====== DATA SEGMENT ======

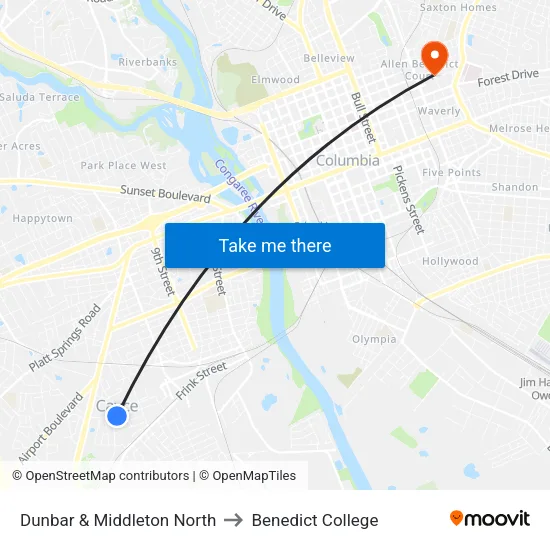 Dunbar & Middleton North to Benedict College map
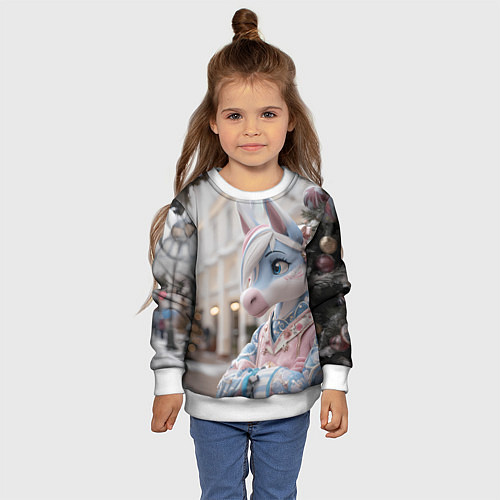 Детский свитшот Новогодняя лошадка у елки / 3D-Белый – фото 4
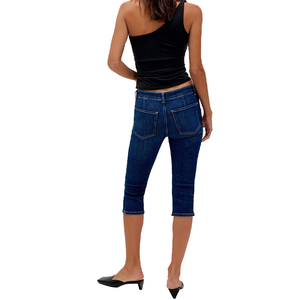 Jeans Capri de Cintura Baja para Mujer, Ajustados, de Mezclilla Sólida, Transpirables, Elásticos, Estilo Casual de Verano, Pantalones Cortos - Product Image 3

======

Without any pictures, repeat the listing exactly.

> _EXPECTED ANSWER_:
 Dunbar & Middleton North to Benedict College map
 Детский свитшот Новогодняя лошадка у елки / 3D-Белый – фото 4
 Jeans Capri de Cintura Baja para Mujer, Ajustados, de Mezclilla Sólida, Transpirables, Elásticos, Estilo Casual de Verano, Pantalones Cortos - Product Image 3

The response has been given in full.